Whatever your view on climate change - and, frankly, it's hard to believe there are still naysayers on that topic - there is little argument that as the world population rockets to nine billion by 2040 there is going to be a scramble for scarce resources.

This is one of the reasons that sustainability is seen as the next business megatrend, following in the "footsteps" of the quality improvement movement and growth of information technology.

Business is now realizing that sustainability is not so much an option but a 'must do', whether as a result of customer, supplier, employee or government pressure. Green business is good business - using less energy, less water and reducing wastage across the board saves money. And, it makes money as evidenced by General Electric's US$25 billion in sales in 2010 for its Ecomagination range of products and services.

All change requires training. There are new skills to be acquired to effect change, whether supporting new work methods, systems or approaches. However, it is well recorded that 50% to 70% of new initiative implementations fail. "Going green" is no different. John Kotter, change management authority, devised eight steps for success in this area, but points out that the biggest challenge at every stage is changing peoples' behavior.

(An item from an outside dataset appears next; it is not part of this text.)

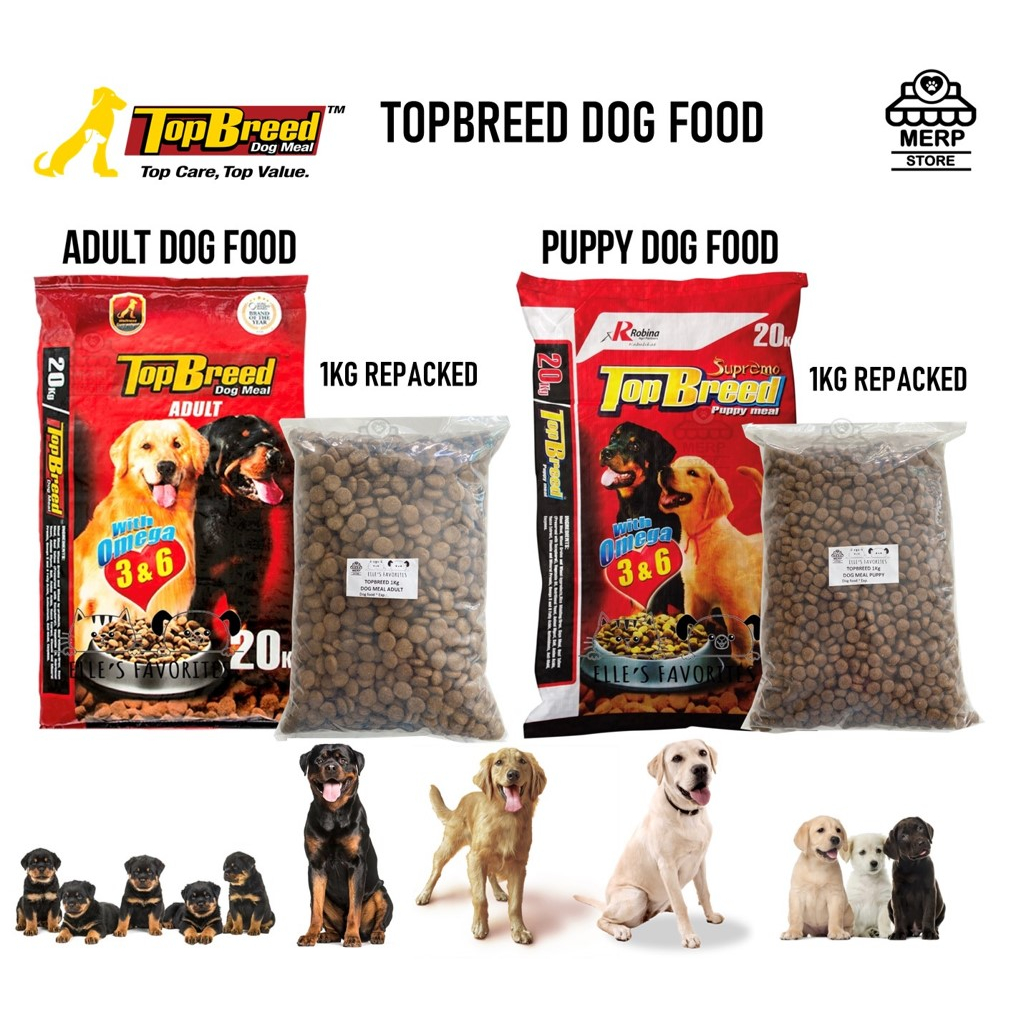 Topbreed 1kg Adult and Puppy Dog Meal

Training must include programs to shape and change attitudes so the behaviors are adopted to support and embed sustainability. We all know companies don't change, people do; and people rarely change based on analysis. People change in response to their emotional response to ideas that are communicated to them.

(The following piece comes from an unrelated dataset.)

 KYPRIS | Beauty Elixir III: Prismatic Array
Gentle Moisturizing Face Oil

To get started you don't need a 'burning platform'. You need to understand where you are today and have clarity about your desired state; how and, most importantly, why you want to get there.

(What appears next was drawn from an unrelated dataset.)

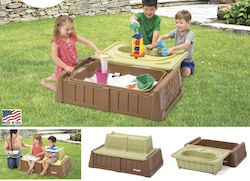 314321 Simplay3 Sand, Water and Bench Toy 3 In 1 Plastic For 2 Years+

At EcoBizCheck, we regularly provide companies with a starting point by providing them with a self-assessment tool that rates the eco- friendliness of an offices business practices. The rating - whether bronze, silver or gold - is supported by clear actions that, if adopted, will result in an increased rating and significant cost savings. Typically, clients enjoy 10% to 40% in savings on energy bills alone.

To realize these gains GreenBizCheck supports these assessments with green change training. This is aimed at helping employees to better understand the impacts these changes can make in terms of business productivity and customer approval, as well as the resulting positive impacts on the environment, which all result in increased employee satisfaction. This engagement of "hearts and minds" underpins the change and molds the culture. And, eventually, it becomes "the way things are done here".

Demand for specific training in all aspects of sustainability is increasing as companies are creating specialist roles and employees see the career opportunities, especially those "Generation Ys"./p>

The company's chief Information officer, new positions, such as that of chief sustainability officer (CSO), will become a critical to the workplace as all organizations focus on carbon neutrality as they map the life cycle of their products and services.

Recently, The Coca Cola Company created a CSO position complete with a Global Office for Sustainability. Tellingly, the appointee is currently the Chief Marketing Officer, North America. With this attention and innovation it is hoped that the growth in population will be matched by growth in prosperity for all.